The  real issue is not so much that progressive ideals are unpopular, but that the Democrats failed wholeheartedly to embrace and explain those ideals. As a result, they let the Republicans paint a false caricature of what they mean. Trump was particularly adept at advancing a parade of horribles: the Democratic plan to combat climate change was transformed by Trump into one advocating the elimination of windows in buildings, even though neither Biden’s plan nor the Green Deal Deal even mention windows; the Democratic plan to bring racial justice to the housing market was recast by Trump into one endorsing the destruction of the suburbs, even though it does no such thing; Medicare For All was transformed by Trump into the first step in a Democratic plan “to model America’s economy after Venezuela,” bringing “suffering, misery and decay,” even though “Medicare For All” resembles Canada’s national health insurance program and does not even go as far as the National Health Service of the United Kingdom, and even though neither Canada nor the United Kingdom could be characterized as “miserable” places to live.

The Democrats should put up a more progressive candidate – someone who runs on a platform that promises fundamental, progressive change, for example, eliminating medical debt. There is no doubt that this might turn off some moderate voters, but I believe this would be more than offset by the excitement it would generate among those who actually want to see real change and by new voters attracted to a progressive agenda once they see past the Republican caricature of it. Indeed, this approach might draw back into the Democratic tent working-class voters who went for Trump because he appeared to speak to their grievances.  

There is always a fear that the adoption of a more progressive agenda will alienate some voters, who might view it as extremist.
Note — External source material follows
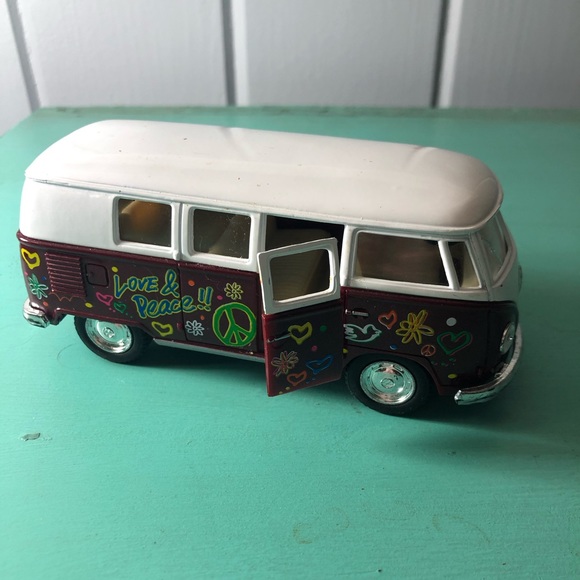 1962 Volkswagen Bus Hippie Van 5” Die-Cast ☮️ - Picture 3 of 15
But, in some ways, you don’t get more extreme than President Trump, who, as a candidate and as President, constantly made offensive racist comments, for example, about Mexicans being “rapists,” who refused to condemn white supremacy, who pursued a policy of separating children from their parents, and who poked fun at people wearing masks. Yet over 71 million people voted for him this year – eight million more than when he first ran.  Trump shows that, while extremist views might repel some voters, they also attract many others.  

By the same token, you don’t get much more moderate than Joe Biden. He is a relatively palatable candidate, who is well-known to the American people, having been a fixture on the political scene for some forty years. But the very fact that Biden – who is known for being a moderate and is generally viewed favorably – barely won against Trump does raise a question over the strategy of pursuing moderation.

As the Democrats move forward, they must learn from both 2016 and 2020. Trump’s election was not a fluke. He came close in this election, despite his bungling of the response to COVID-19, four years of continual lies, and racist dog whistles. The Democrats would do well to strengthen their own base, rebuild party unity, put forth progressive policies and candidates that inspire enthusiasm in voters, instead of advancing an unexciting centrism and  and hoping voters show up anyway, and use those same progessive policies to attract the working class voters who sided with Trump in both of the last elections.